Despite inflation hitting consumers’ wallets, there are still some things people will spend money on no matter the economic conditions, like toys. This is why companies such as Moose Toys find it a good time to look for acquisitions. We spoke to one of the company’s executives in an interview below.

Melbourne, Australia-based Moose Toys has launched a new business division that is focused solely on M&A. The team is led by the firm’s global head of business development and industry veteran, Giles Musker. Moose’s newly-formed M&A team is tasked with aggressive portfolio expansion across games, collectibles and traditional toy categories.

The toys and collectibles industry has been picking up steam and is transitioning from local hobby shops with kids carrying cards in an old shoe box to a digitally integrated market. Strategic buyers, such as eBay, are showing interest.

Musker previously served as general manager of TPF Toys, where he was responsible for managing all areas of the business including a team of 22 staff, acquisition of worldwide entertainment licenses, innovative product development, sales to customers in over 55 countries and achievement of annual revenue targets. He rejoined Moose toys as international business manager in 2017.
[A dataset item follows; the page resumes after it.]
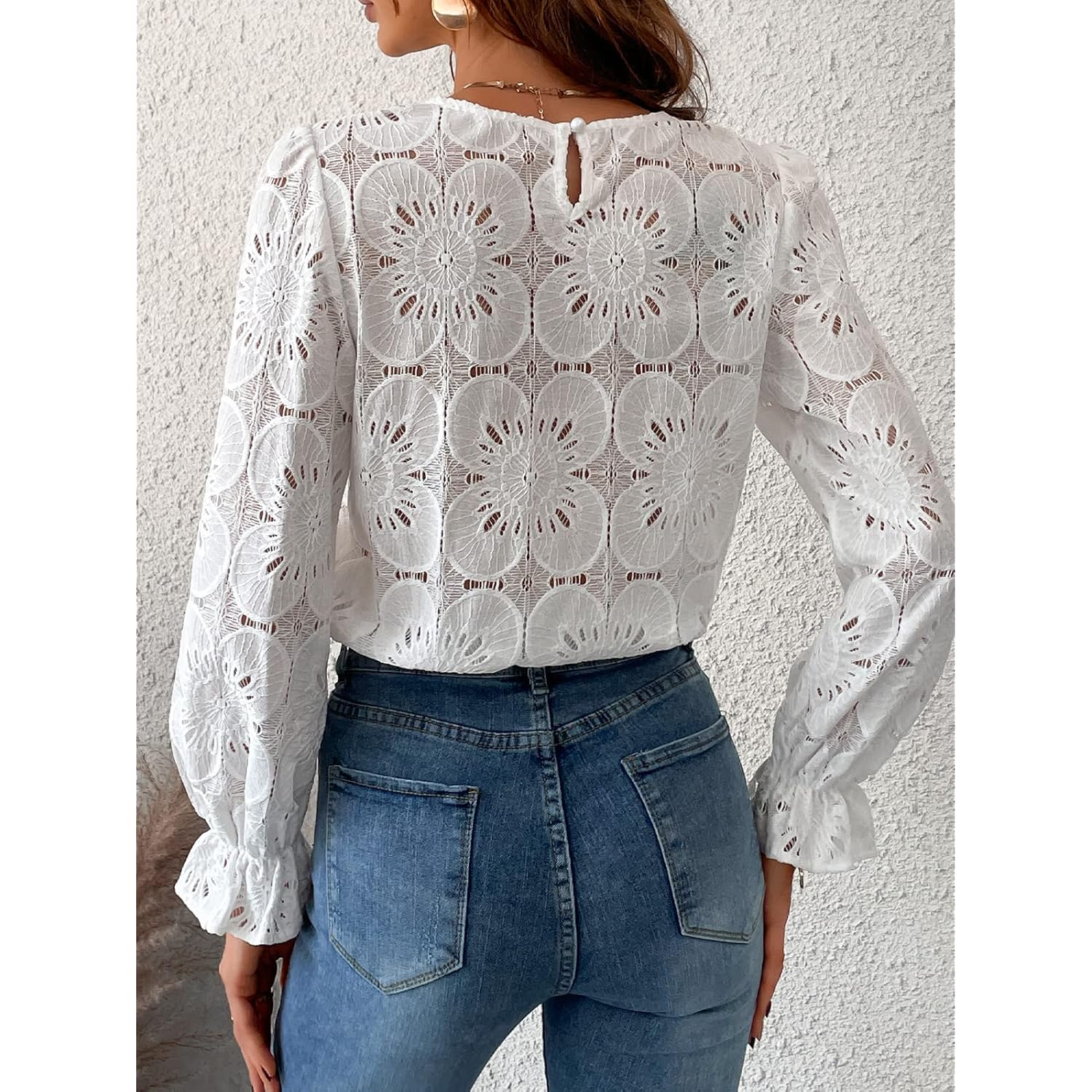 CUPSHE Women Eyelet Long Sleeve Tops Shirts Dressy Hollow Out Crochet Lace Embroidered Blouses 2025 Fashion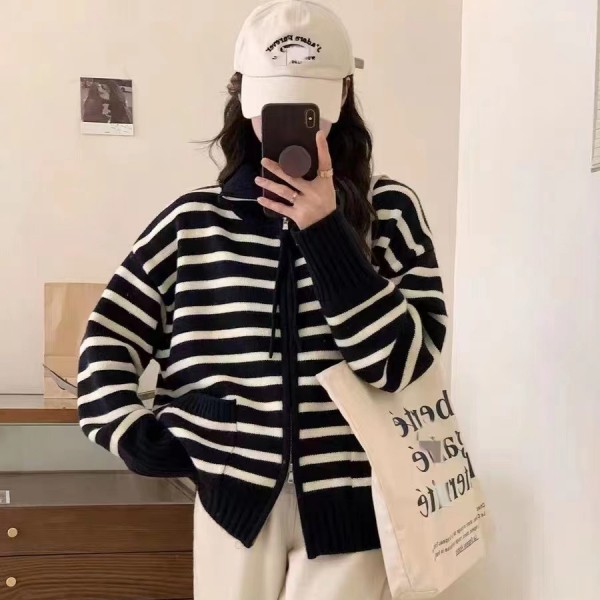 Stand Up Collar Design, Striped Contrast Color Zipper, Long Sleeved Knitted Cardigan For Women In Autumn And Winter, Loose And Lazy Style, Sweater Jacket Trend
“We recently completed and aligned on a long-term strategic plan for Moose, and have given ourselves some ambitious goals to grow and evolve as a company,” Musker tells Mergers & Acquisitions. “Acquiring proven evergreen IP is a key part of our strategy. We now have a clear roadmap of where we want to go and what we need to do, and M&A has formed a key component of achieving our company goals.”

Moose Toys has been able to establish itself through its successful IPs like Little Live Pets and its licensing strategy and partnerships with popular entertainment properties like Bluey.

Musker says the company is “open to a wide range of deal sizes, from small start-ups to well-established market leaders. We are particularly interested in opportunities within North America, U.K. and Europe.” He continues that the firm is looking to strengthen its positions or capabilities in categories where it already competes or are incremental to its existing portfolio. “We’re aggressive in our growth plans and are actively looking at a relatively broad scope of expansion opportunities,” he adds.